Monday, October 24, 2011

S'not an Excuse

I've been really sick the past week. The whole family passed around a cold that could knock you on your ass. I would love to say that I was so sick I couldn't write, but that would be a lie. The real reason I haven't written any posts lately is because I haven't made the time for it. It's a conscious choice a writer makes every day. "Today, I am going to write!" I've been choosing to do other things. For instance, I painted so many pumpkins I began to feel like I missed my calling in life. I should have been a professional pumpkin painter all along! I also went to a lot of wedding-ish events and read a lot of books.

Books I Read/am Reading:
1. The Scorch Trials by James Dashner. I read The Maze Runner (the first book in the trilogy) back in the Spring when a classmate suggested it. It was ok, but like a lot of trilogies, nothing was resolved in the first book and you're left with more questions than answers.

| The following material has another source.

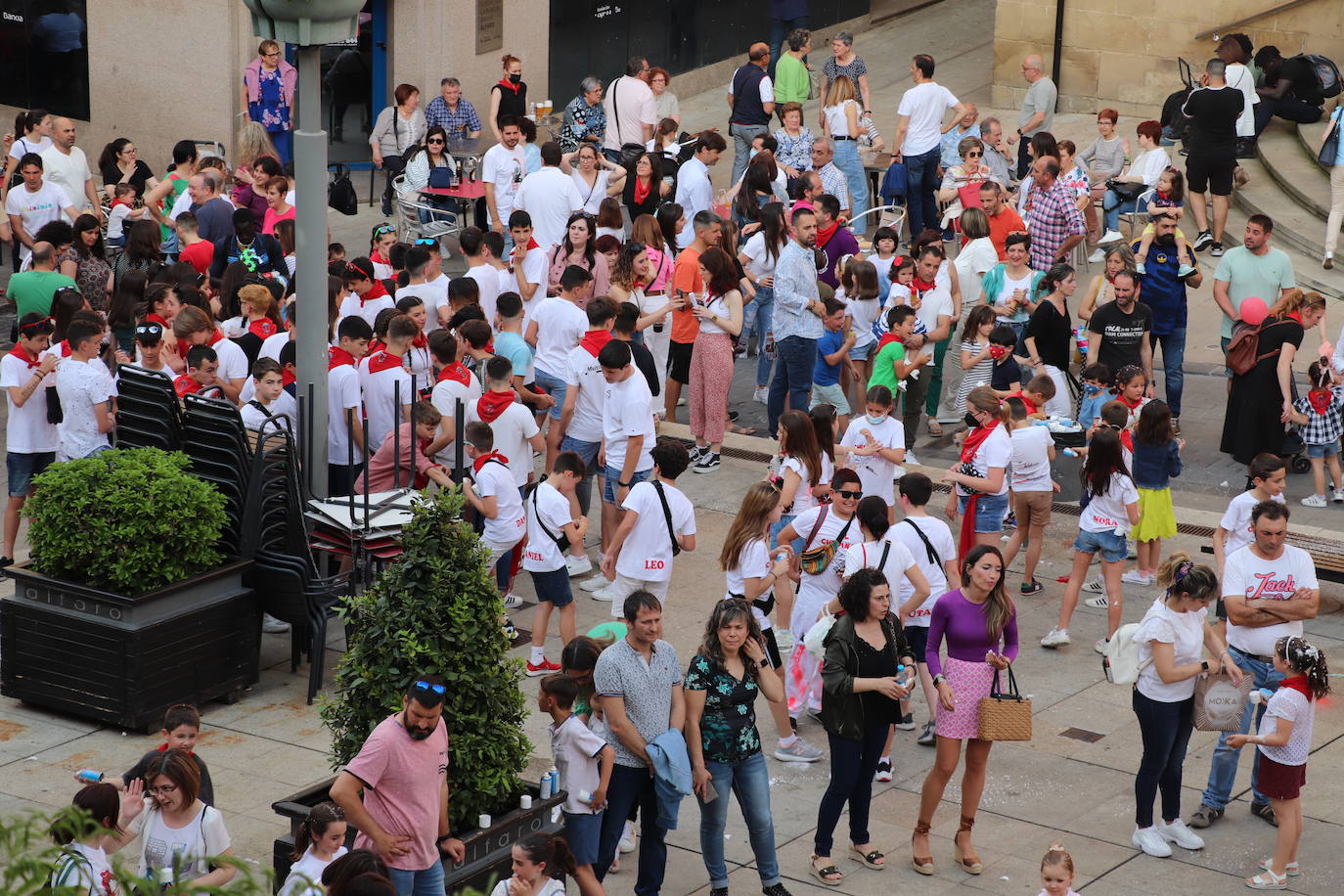 Fotos: Alegría en Alfaro en el arranque de las fiestas de Primavera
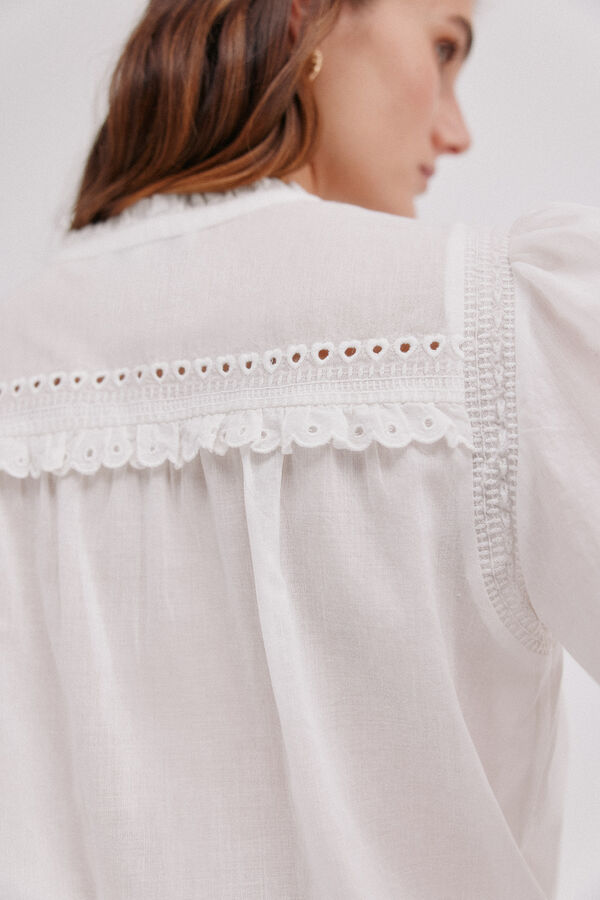 Hoss Intropia Cecile. Embroidered blouse White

Even though I only thought the book was decent I had to read the rest of the trilogy just to have all my questions answered. Book 2 was a vast improvement over the first, but it still left you wondering "what's the point?" at the end.
2. The Death Cure by James Dashner is the final book in the trilogy. I am not quite done with it, but so far it has been the best of the three. I haven't had any major questions answered yet, so he better pack a lot of information in the last hundred pages or I will be one very unhappy reader!
3. The Pillars of the Earth by Ken Follett. I started this behemoth of a book months ago...I am sure I will get around to finishing it one day. I went into it with zero expectations of enjoying it, so I was pleasantly surprised when it held my interest for five hundred pages. Now if I could just pick it back up and read the last five hundred I will feel like I've put a challenge behind me. Maybe when I'm done with my current reads...
4. The Invisible Man by H.G. Wells. I just finished watching every episode of Warehouse 13. Anyone familiar with the show knows the intriguing storyline crafted around H.G. Wells. Between that and my desire to read as many of the classics as I can, I decided to give Helena a try. When I'm not struggling to decipher the bizarrely spelled vernacular of the English villagers, I actually like it. Literary people don't shoot me for this, but I was always under the mistaken impression that The Invisible Man was about a black man in pre-integration America. Oops! Not so much...
5. Before I Fall by Lauren Oliver. This book brings us back to the monster cold I'm nursing. When you're already congested and stuffy and miserable, the last thing you want to do is cry. Crying only makes nasal problems worse in my experience. Not to mention the massive headache that usually accompanies serious bawling. I went into this book knowing it was about a girl who dies. I knew the premise- she lives her last day seven times and has revelations about her life and death. I knew this, and yet it never occurred to me that I might be turned into a heaving, sobbing, wailing mess as I read it. I cried when Dumbledore died. I cried when Dobby died. I cried when the bodies were catalogued at the end of the castle fight. I cried for The Host, 13 Reasons Why, and Ella f'ing Enchanted. But I have never, in all of my reading years (19) sobbed until I thought my head would split apart at the seams and all the water and salt in my body would gush out in a fountain of tears. I cried hard and long is my point, people. It's not even that it was sad, which it was. It was that you come to know and care about Sam(MC) so completely that her death is real. I wasn't just crying for Sam, I was grieving. That words can have that much power...that 26 letters strung together in a near infinite number of combinations to make words that are then strung together in more infinite combinations that when read produce emotions and physical reactions that hurt and dig and cut...that is why I want to be a writer.